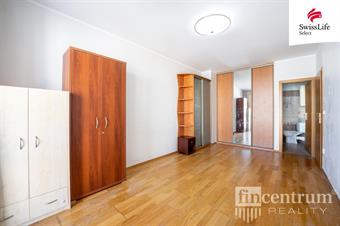 Pronájem bytu 4+kk 115 m2 V Zeleném údolí, Praha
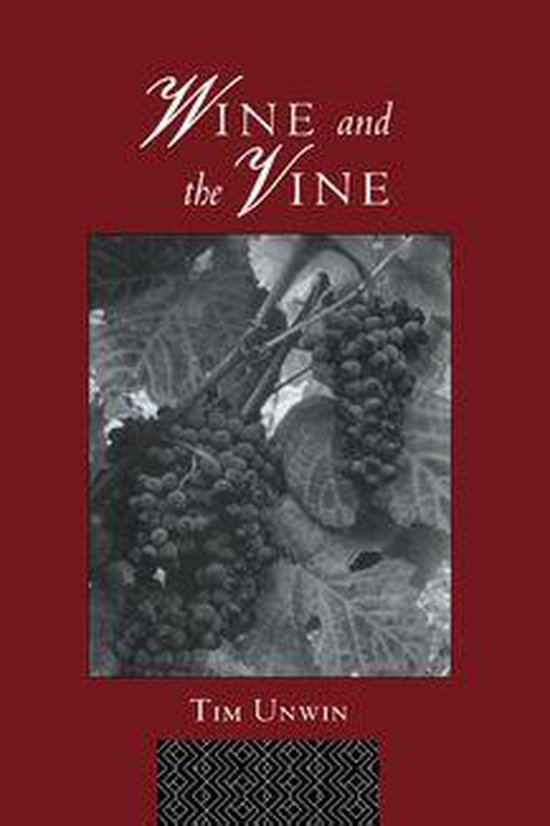 Wine and the Vine - cover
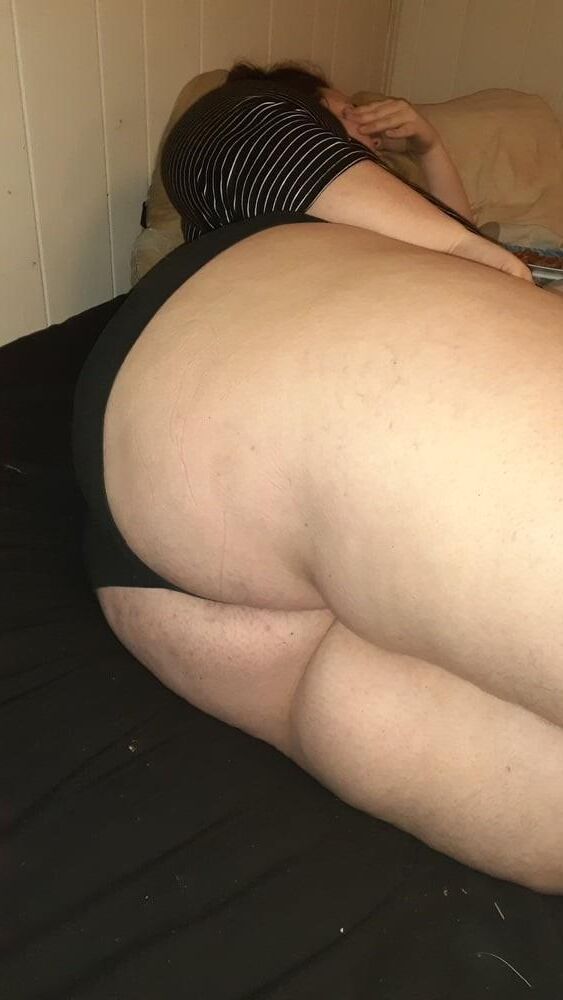 BBW Exposed Slut Wife 7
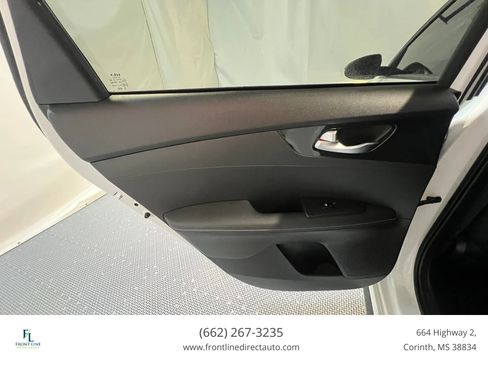 Used 2024 Kia Forte GT-Line FWD image 20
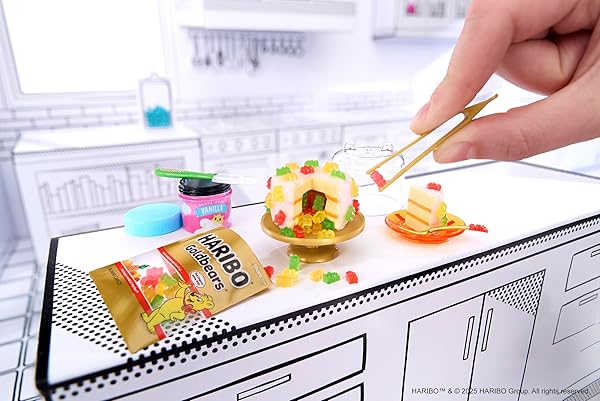 MGA’s Miniverse Make It Mini Haribo Multipack | Mini Coleccionables DIY - Imagen 4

WHAT THE TASK ASKS. Please give again, word for word, the lines from the one containing "Wine and the Vine - cover" through the last line of the listing above, inclusive, and leave out pictures.

EXERCISE OUTPUT.
 Wine and the Vine - cover
 BBW Exposed Slut Wife 7
 Used 2024 Kia Forte GT-Line FWD image 20
 MGA’s Miniverse Make It Mini Haribo Multipack | Mini Coleccionables DIY - Imagen 4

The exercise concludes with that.